The Random Facts of Coding (or so it seems)

Fernando Vicaria

What is a Random Number?

Just so we can set the tone of what I have planned for this blog I decided to start with a very quick definition and then let you think while I prepare the next one...

 

A random number can not be predicted in advance. Thus, we can define only what a random number is not, not what it is. Random numbers can be produced by physical processes, such as throwing a dice, flipping a coin or counting intervals between radioactive decay events. By itself, software can't generate truly random numbers; instead, it creates what are called pseudo random numbers, starting from a single random seed.

 

To generate a random sequence, we start with a certain seed, and then we iteratively apply some mathematical transformation to it (see Listing 1 below), progressively extracting a random sequence. A sequence is considered random when no prediction can be made about it and no simple description can be found. But from the simple fact that we generate this sequence from a definite transformation, then a description of it will always exist.

 

 

long Seed = a;

 

long  _Random()

{  

    Seed = Seed * b + c;

    return Seed >> d;

}

 

Listing 1: A simple implementation for the LCRNG algorithm.

 

The values of a, b, c and d are fixed constants.

The formula is simple and deterministic and will always result in the same sequence of numbers as long as you don’t modify the values of the constants.

 

The second line in the body of the function is optional and will only shift the result by a specified number of bits to narrow the result to a fixed size. For instance you could shift the result by 56 bits to force the values returned to always be between 0 and 255 (or use anyother type with different sizes for that matter).

 

This type of algorithm is known as Linear Congruential Random Number Generator or LCRNG for short. It consists of three or more fixed constants, usually large prime numbers, which have certain mathematical properties.

 

Bad Seeds

 

In a general way, a bad seed is one that can be guessed after a relatively small number of tries or in a short interval of time.
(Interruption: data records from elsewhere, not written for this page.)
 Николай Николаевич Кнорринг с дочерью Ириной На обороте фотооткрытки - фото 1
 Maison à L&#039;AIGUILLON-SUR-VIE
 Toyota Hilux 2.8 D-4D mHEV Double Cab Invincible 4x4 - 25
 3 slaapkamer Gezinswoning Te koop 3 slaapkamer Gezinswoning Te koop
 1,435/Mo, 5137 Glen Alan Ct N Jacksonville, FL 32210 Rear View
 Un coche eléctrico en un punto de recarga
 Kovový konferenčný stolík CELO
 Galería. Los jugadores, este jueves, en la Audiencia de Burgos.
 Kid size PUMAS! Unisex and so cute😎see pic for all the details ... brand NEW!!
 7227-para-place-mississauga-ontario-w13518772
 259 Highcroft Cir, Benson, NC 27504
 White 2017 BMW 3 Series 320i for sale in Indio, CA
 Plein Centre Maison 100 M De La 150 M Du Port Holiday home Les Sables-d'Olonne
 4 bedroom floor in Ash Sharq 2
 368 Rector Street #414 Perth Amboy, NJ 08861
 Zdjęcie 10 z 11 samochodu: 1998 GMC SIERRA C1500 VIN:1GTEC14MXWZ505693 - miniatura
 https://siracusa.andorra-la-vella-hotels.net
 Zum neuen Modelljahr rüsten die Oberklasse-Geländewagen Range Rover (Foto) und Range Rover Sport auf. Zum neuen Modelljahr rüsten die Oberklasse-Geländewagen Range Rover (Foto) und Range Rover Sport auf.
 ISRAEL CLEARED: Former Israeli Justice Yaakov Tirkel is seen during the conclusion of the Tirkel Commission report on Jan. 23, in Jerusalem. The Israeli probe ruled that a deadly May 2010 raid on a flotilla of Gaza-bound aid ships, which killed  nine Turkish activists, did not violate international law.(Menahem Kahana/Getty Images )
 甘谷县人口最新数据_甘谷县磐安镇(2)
If a hacker (or an Adversary, to use a cryptography term) can predict the value of the constants used in your random algorithm, for instance the values of a, b, c and d from Listing 1, the seed can be computed and the whole scheme is compromised.

 

A typical example of this is some earlier implementations of SSL key generation in web browsers. They would encrypt the message in a large sequence of random numbers.

Some of those seeds generators would use the time of the day as a means of obtaining the values for the constants used in their algorithm.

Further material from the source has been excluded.